Give again the lines from the line with "Badezimmer mit Badewanne" to the last line of the records, exactly and in full. Do not carry over any pictures.

━━━ RECORDS FOR PROCESSING

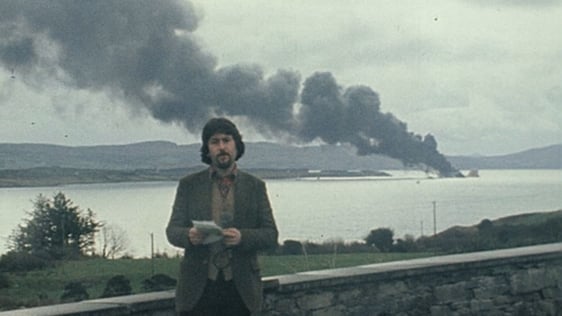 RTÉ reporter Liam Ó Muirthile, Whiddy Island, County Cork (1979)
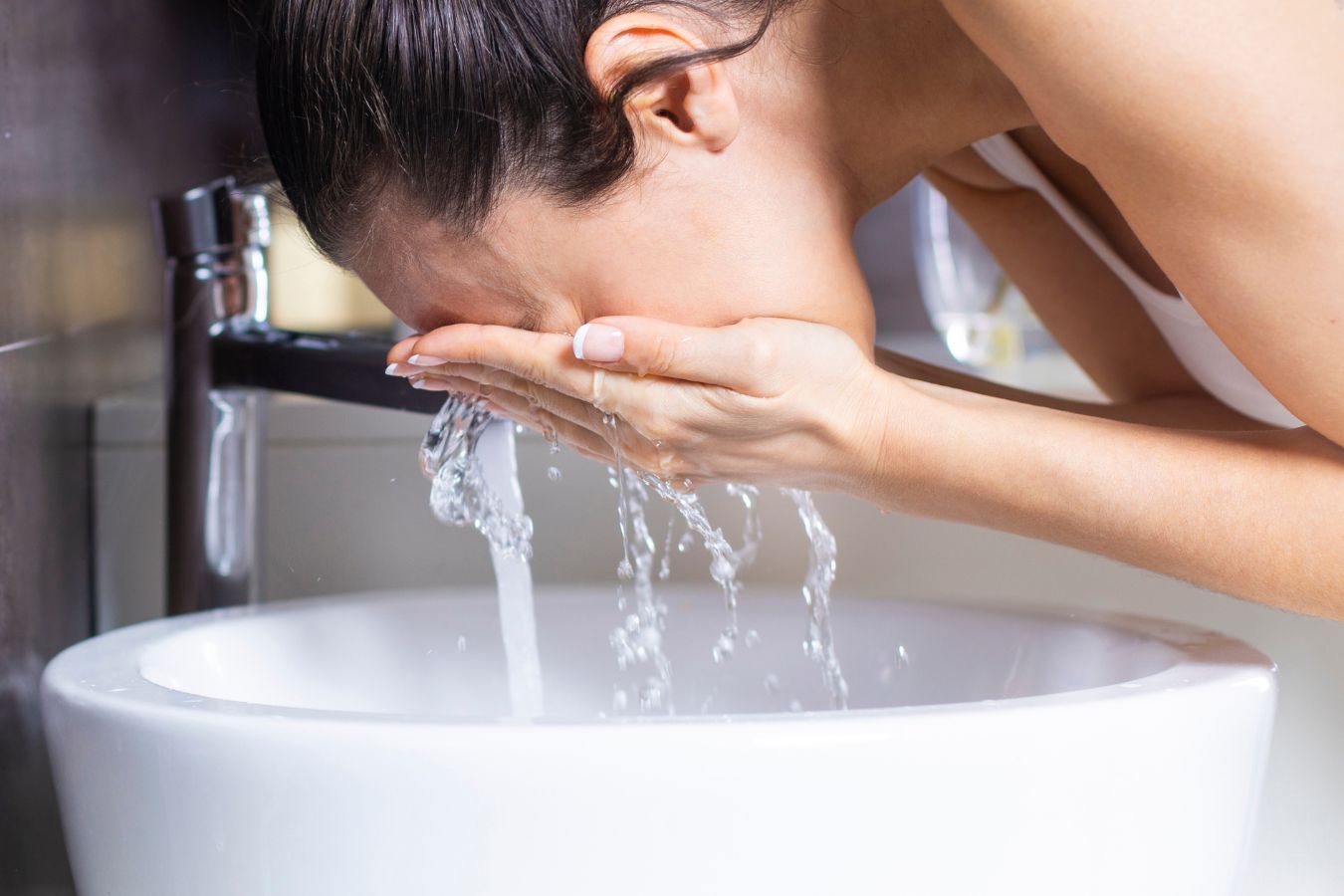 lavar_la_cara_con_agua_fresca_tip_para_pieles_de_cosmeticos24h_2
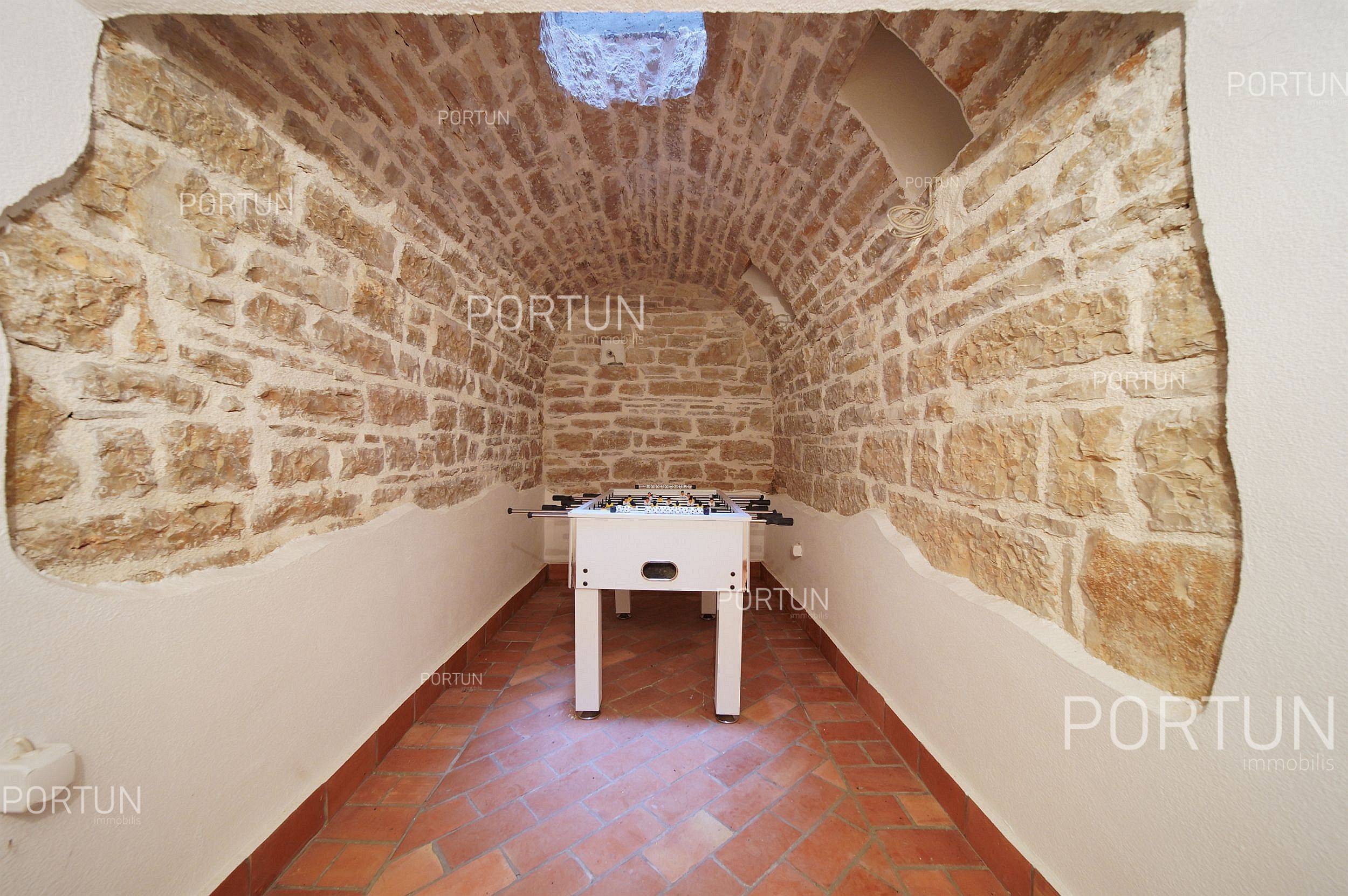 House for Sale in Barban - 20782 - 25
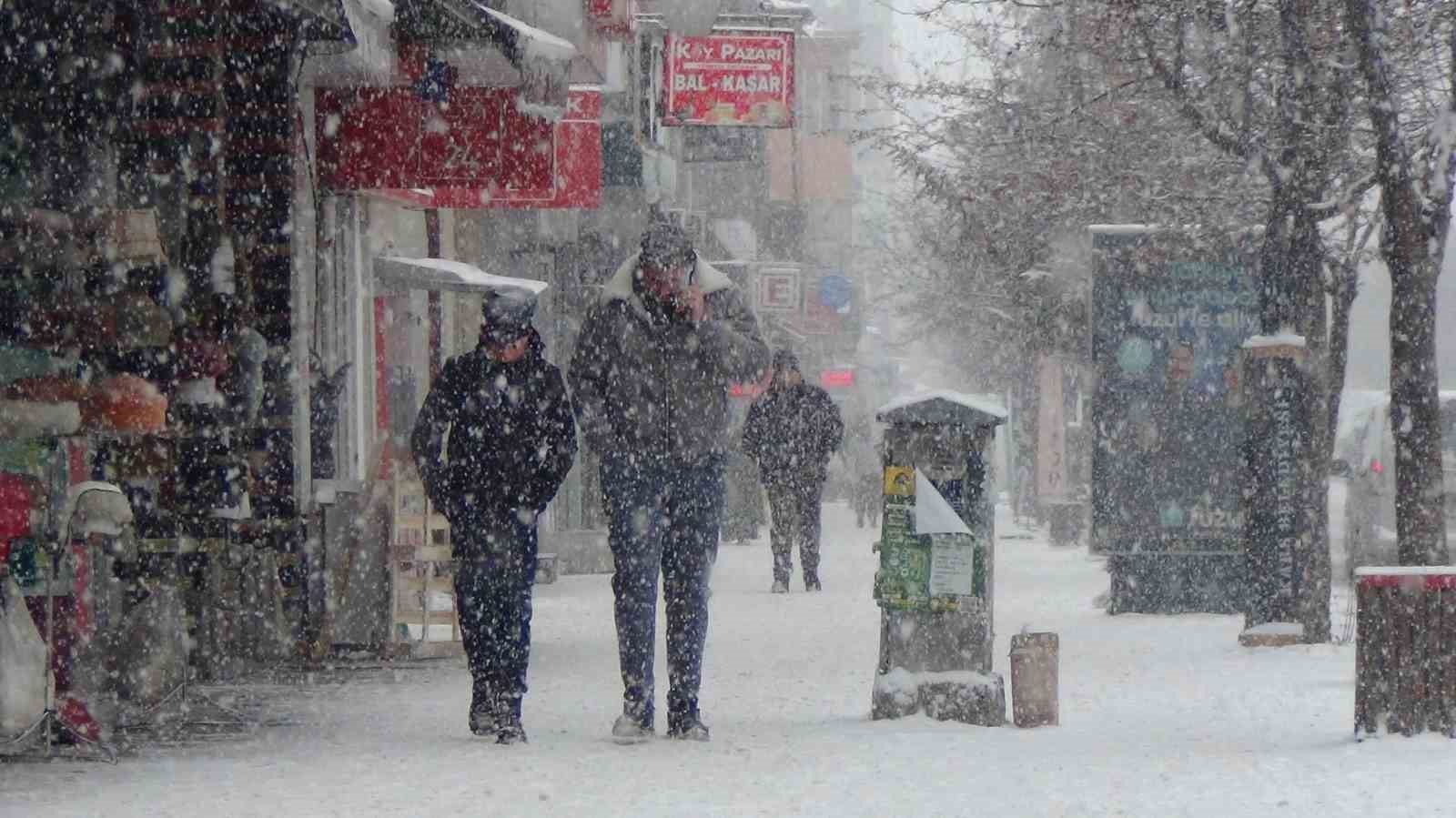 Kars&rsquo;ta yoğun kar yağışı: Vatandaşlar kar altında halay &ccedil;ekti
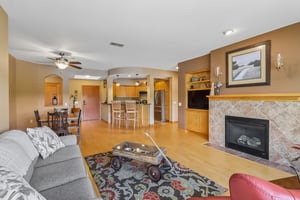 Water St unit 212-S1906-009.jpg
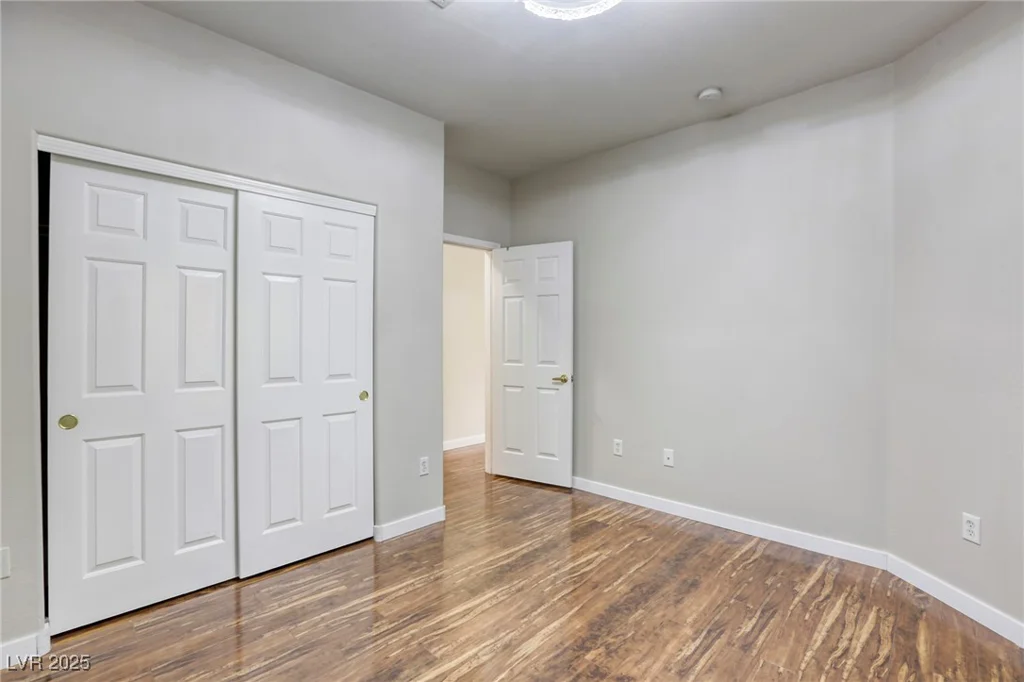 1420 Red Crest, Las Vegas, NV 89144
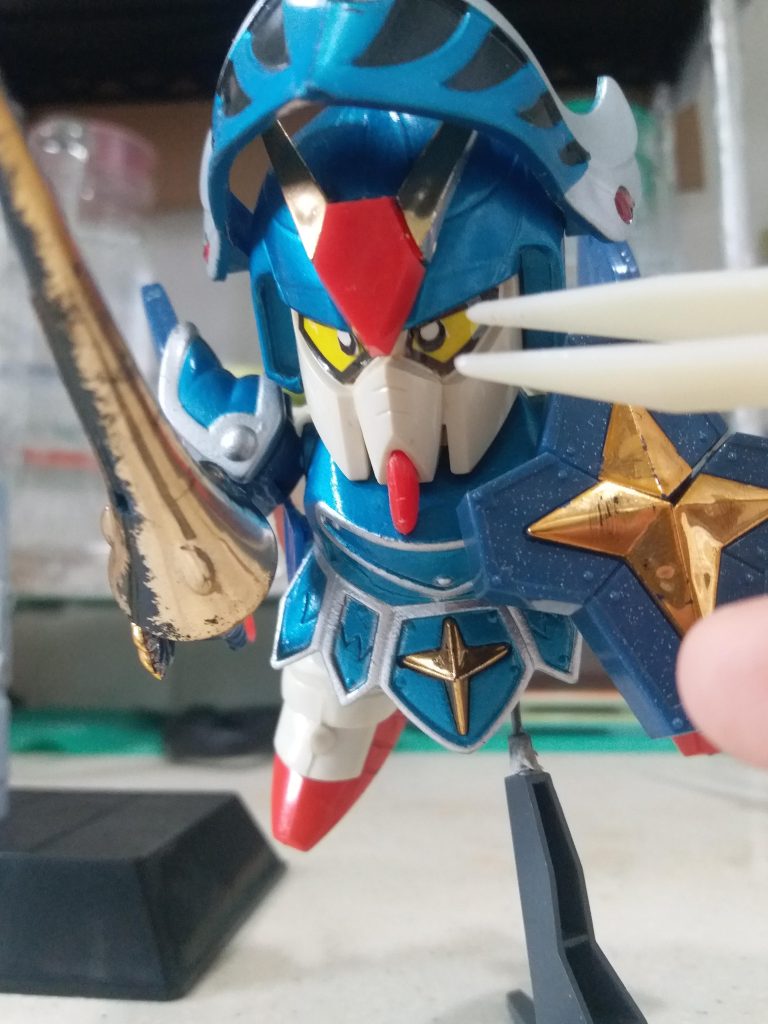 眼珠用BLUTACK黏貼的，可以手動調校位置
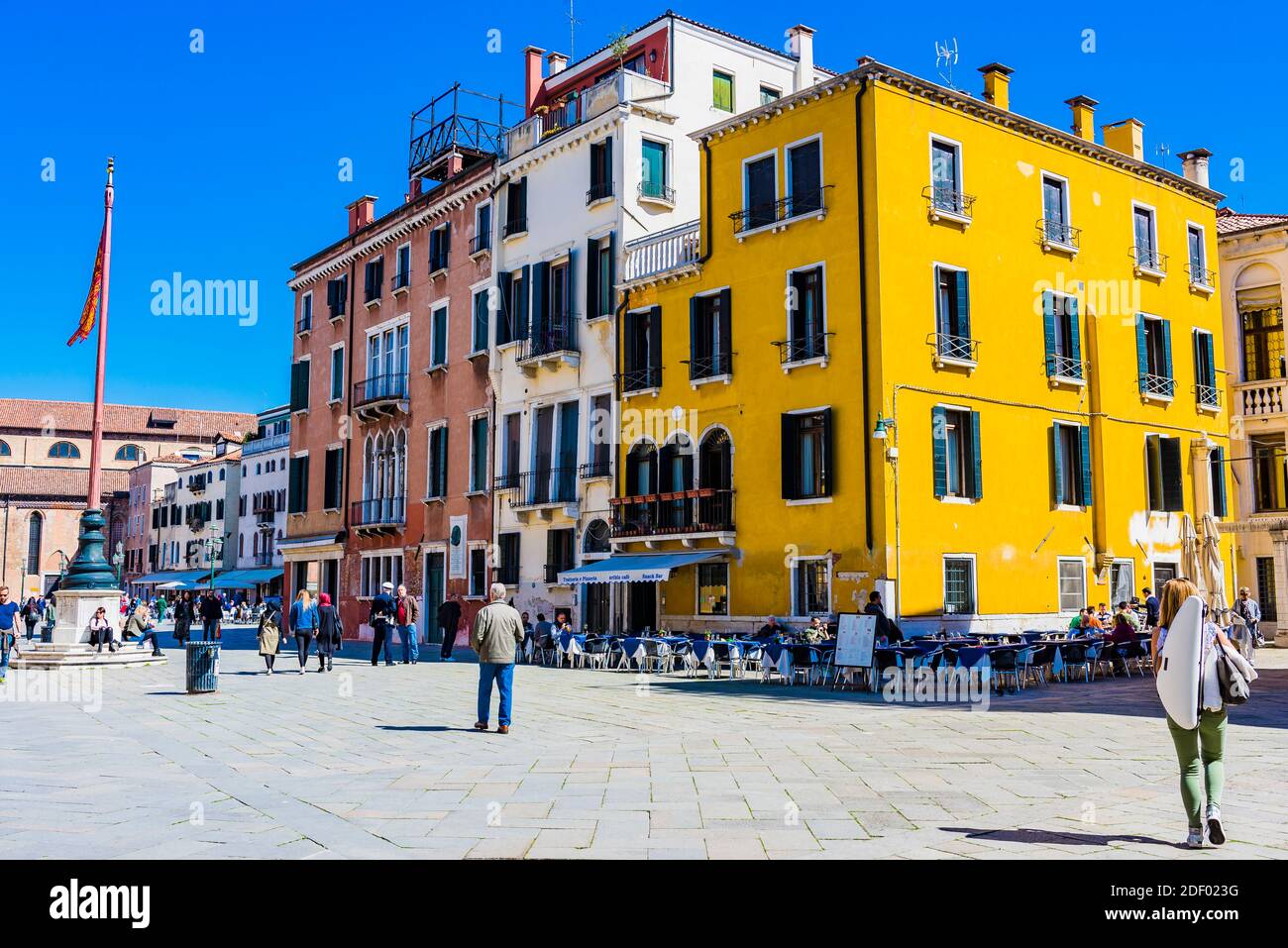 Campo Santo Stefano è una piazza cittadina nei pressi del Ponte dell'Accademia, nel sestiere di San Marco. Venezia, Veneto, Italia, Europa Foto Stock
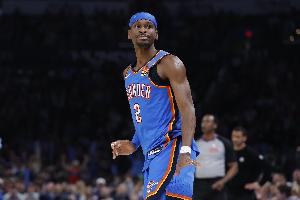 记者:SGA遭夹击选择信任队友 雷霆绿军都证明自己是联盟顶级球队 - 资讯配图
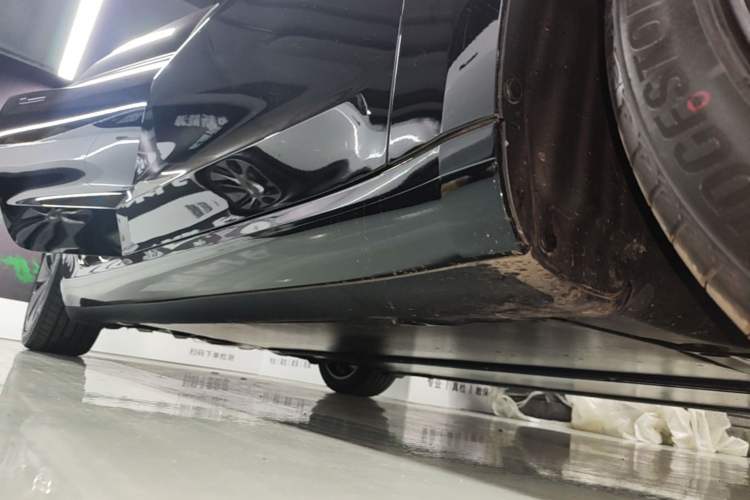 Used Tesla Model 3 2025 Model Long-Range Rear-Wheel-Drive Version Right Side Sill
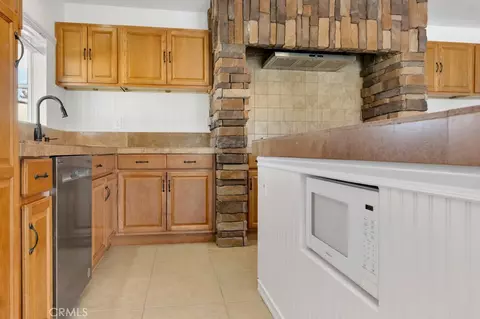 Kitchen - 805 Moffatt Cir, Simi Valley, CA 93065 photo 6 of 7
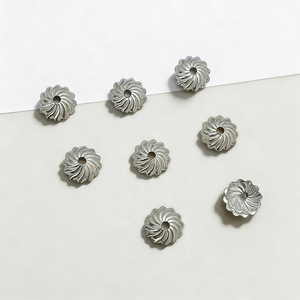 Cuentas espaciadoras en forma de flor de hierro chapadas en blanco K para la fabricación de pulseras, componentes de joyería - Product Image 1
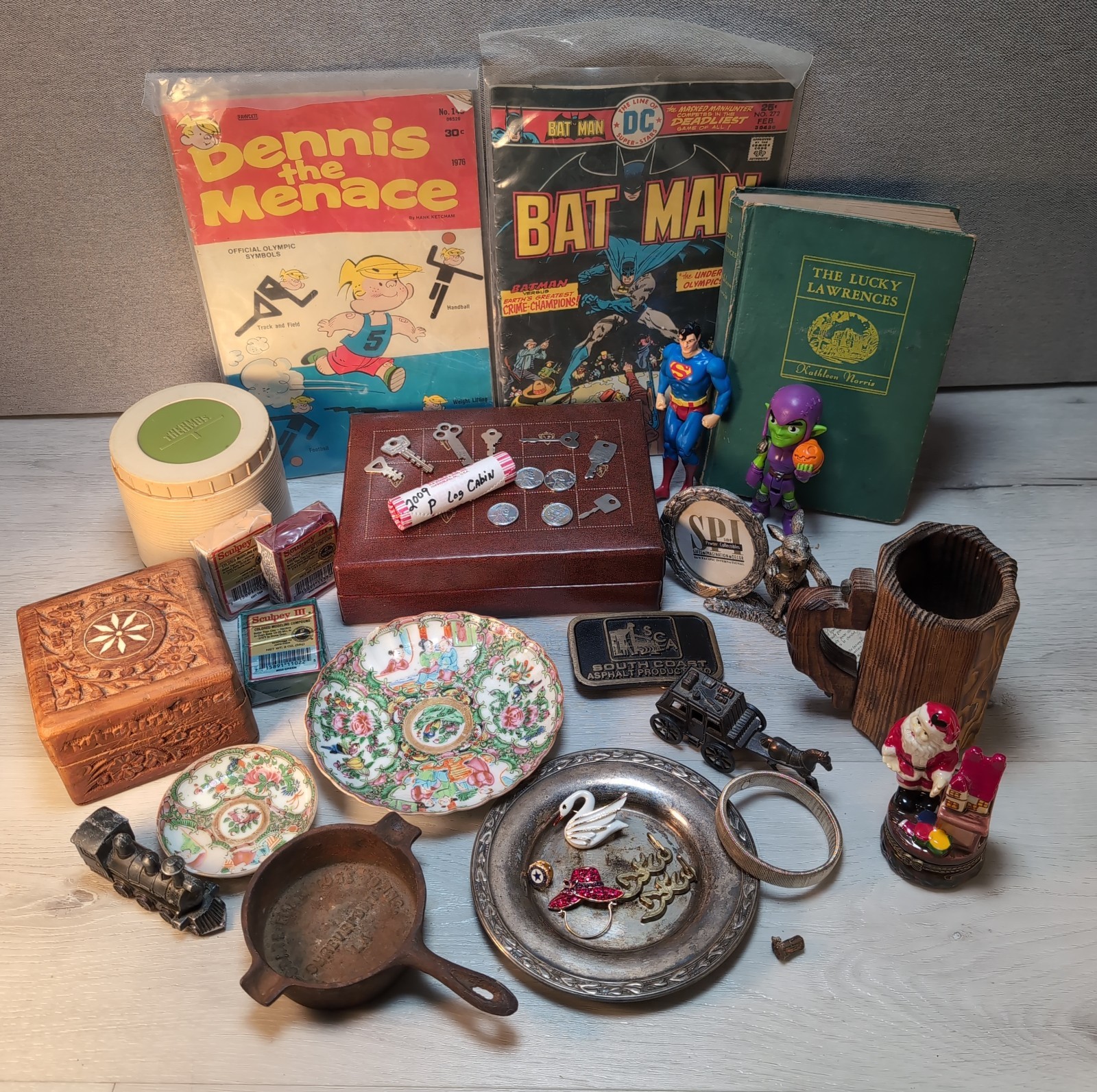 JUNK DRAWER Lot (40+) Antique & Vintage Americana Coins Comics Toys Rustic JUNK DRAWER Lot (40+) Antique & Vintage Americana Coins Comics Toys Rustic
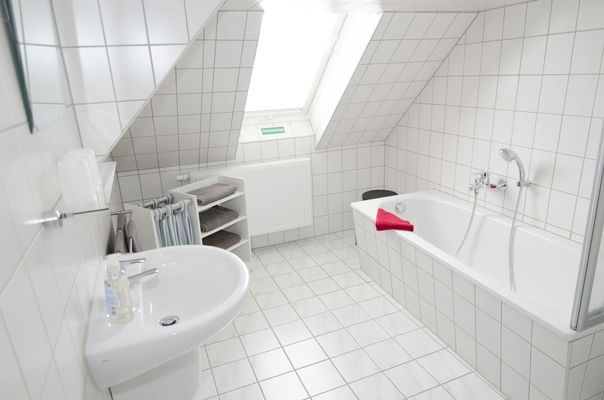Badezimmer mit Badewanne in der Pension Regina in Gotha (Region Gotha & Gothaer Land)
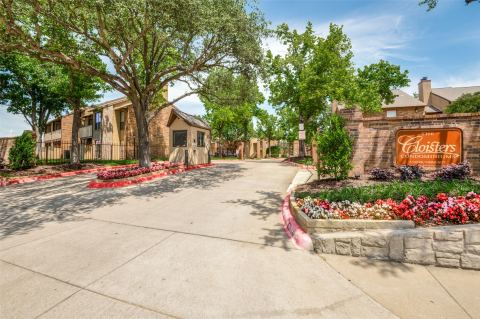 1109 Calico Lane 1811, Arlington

━━━━━━

--- ANSWER TO THE PROBLEM ---
Badezimmer mit Badewanne in der Pension Regina in Gotha (Region Gotha & Gothaer Land)
 1109 Calico Lane 1811, Arlington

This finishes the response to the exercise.